Supporters of the expansive federal welfare system argue the “general welfare clause” authorizes them. But the general welfare clause is not a blank check. It does not grant blanket authority for the federal government to do anything it decides in its infinite wisdom is for the “general welfare.” The clause is limited by the delegated powers that follow. James Madison explained this in Federalist # 41.
“For what purpose could the enumeration of particular powers be inserted, if these and all others were meant to be included in the preceding general power? Nothing is more natural nor common than first to use a general phrase, and then to explain and qualify it by a recital of particulars.
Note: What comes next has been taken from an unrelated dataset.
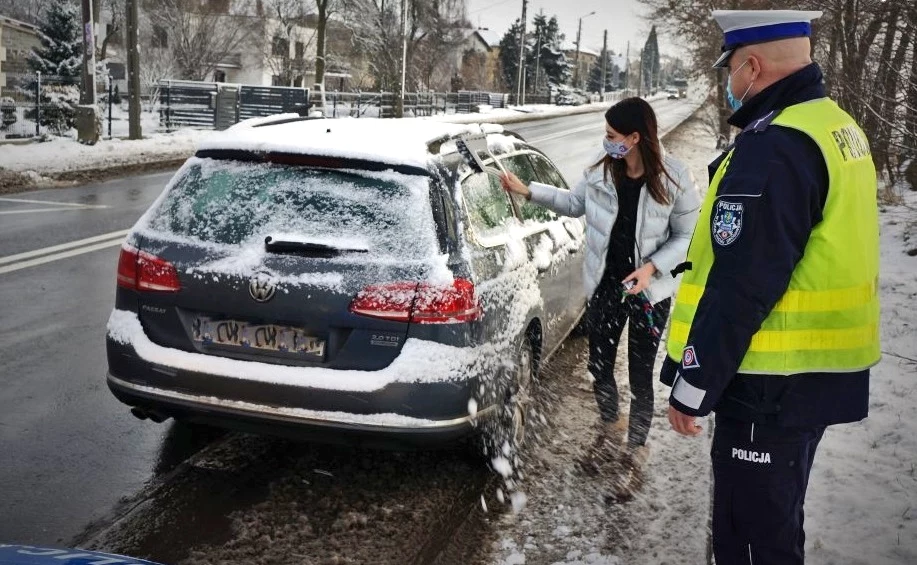 Kierowcy którzy niedokładnie odśnieżą swój samochód, mogą wpaść w poważne kłopoty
But the idea of an enumeration of particulars which neither explain nor qualify the general meaning, and can have no other effect than to confound and mislead, is an absurdity, which, as we are reduced to the dilemma of charging either on the authors of the objection or on the authors of the Constitution, we must take the liberty of supposing, had not its origin with the latter.”
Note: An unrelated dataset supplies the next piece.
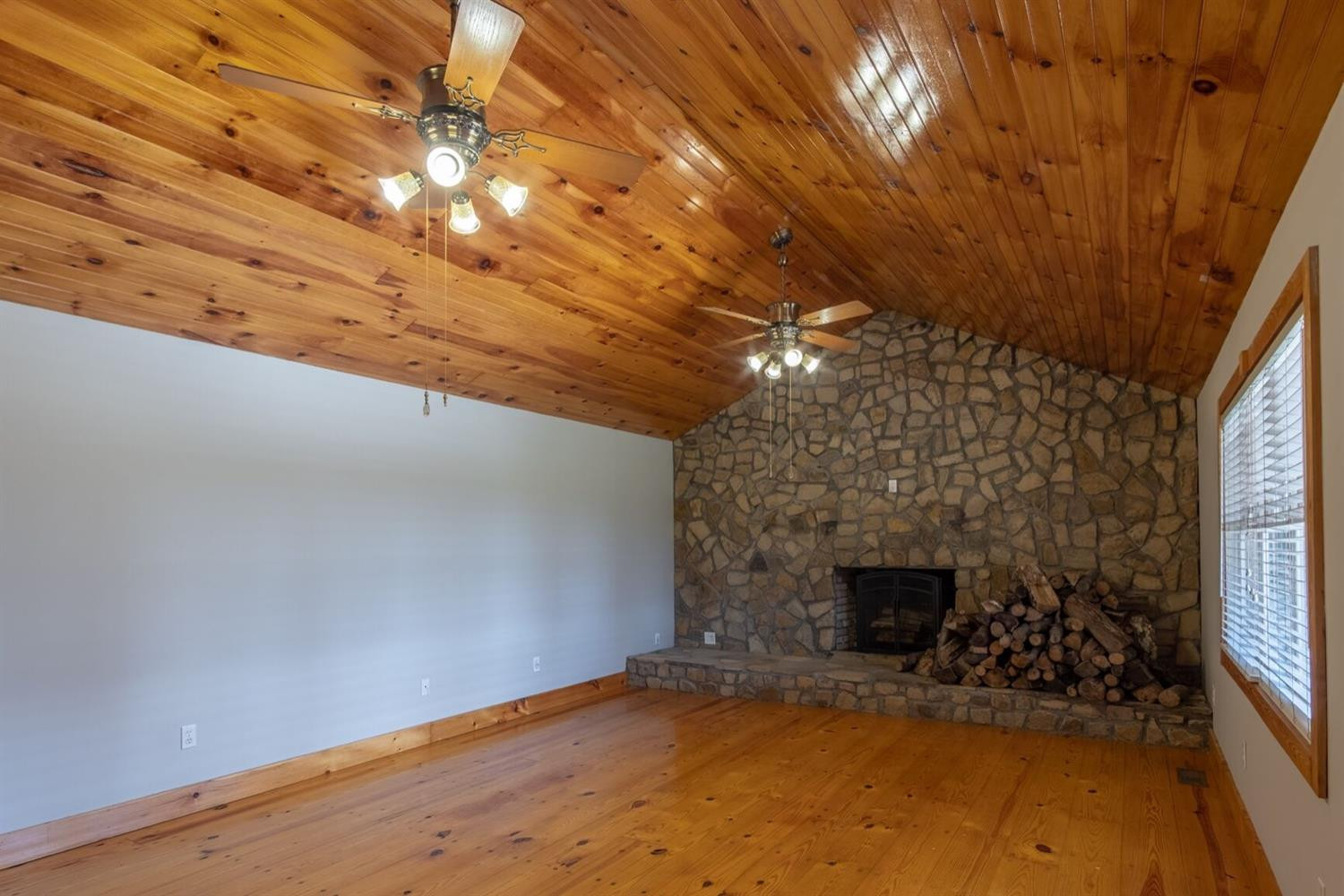504 Earl Howard Road Keavy, KY 40737 - Photo 30 of 38 Listing Photo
If you search through the enumerated powers in Article 1 Sec. 8, you will find nothing even hinting at congressional authority to establish programs for the poor. That means the power remains with the state governments and the people themselves.
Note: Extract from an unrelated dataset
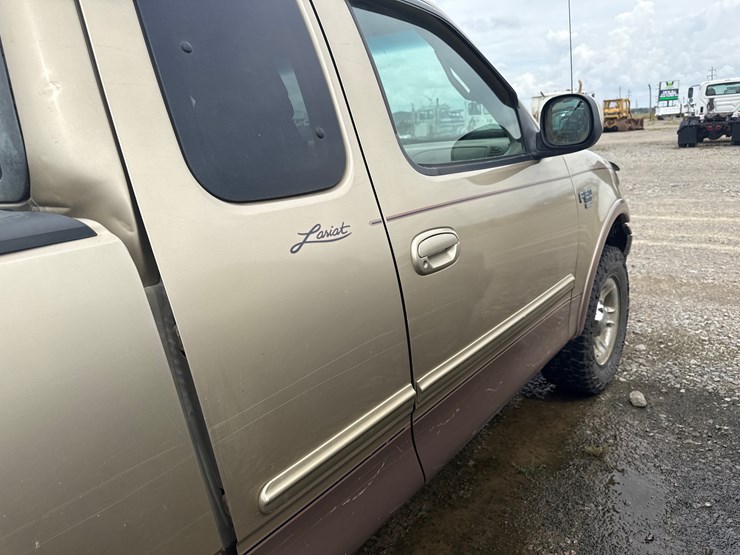 1999-ford-f150-image-17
But many will argue that the federal government should provide welfare payments despite the constitutional issues. We can’t let some abstract political philosophy stop us from helping people. And after all, government welfare is helping people.
But is it really?
In a 1766 essay titled “On the Price of Corn and Management of the Poor,” Benjamin Franklin persuasively argued that welfare schemes do more harm than good.
If you argue against government welfare programs, people will automatically accuse you of not caring about poor people. Franklin takes this argument on directly, making it clear he’s not opposed to helping the poor. “I am for doing good to the poor, but I differ in opinion of the means,” he wrote.
“I think the best way of doing good to the poor, is not making them easy in poverty, but leading or driving them out of it.”
Government welfare programs effectively subsidize poverty and ultimately make things worse. Incentives matter. When you incentivize people not to work by providing generous benefits, they will be less inclined to work. Many poor people are incentivized into a cycle of poverty and government dependence.
Franklin traveled extensively and he observed this perverse incentivization in his travels. He wrote, “I observed in different countries, that the more public provisions were made for the poor, the less they provided for themselves, and of course became poorer. And, on the contrary, the less was done for them, the more they did for themselves, and became richer.”
He noted that there was no country in the world that provided as many provisions for the poor as England, including “a solemn general law made by the rich to subject their estates to a heavy tax for the support of the poor.” In Franklin’s view, it did nothing but make poverty worse.
“The day you passed that act, you took away from before their eyes the greatest of all inducements to industry, frugality, and sobriety, by giving them a dependence on somewhat else than a careful accumulation during youth and health, for support in age or sickness. In short, you offered a premium for the encouragement of idleness, and you should not now wonder that it has had its effect in the increase of poverty.”
Federal welfare fails on a constitutional basis. And as with virtually all government programs, federal welfare fails to deliver on its promises. After decades of federal spending, poverty rates remain virtually unchanged. Meanwhile, the government has created a permanent underclass dependent on government handouts.
Franklin wasn’t a prophet. He simply understood incentives and human nature.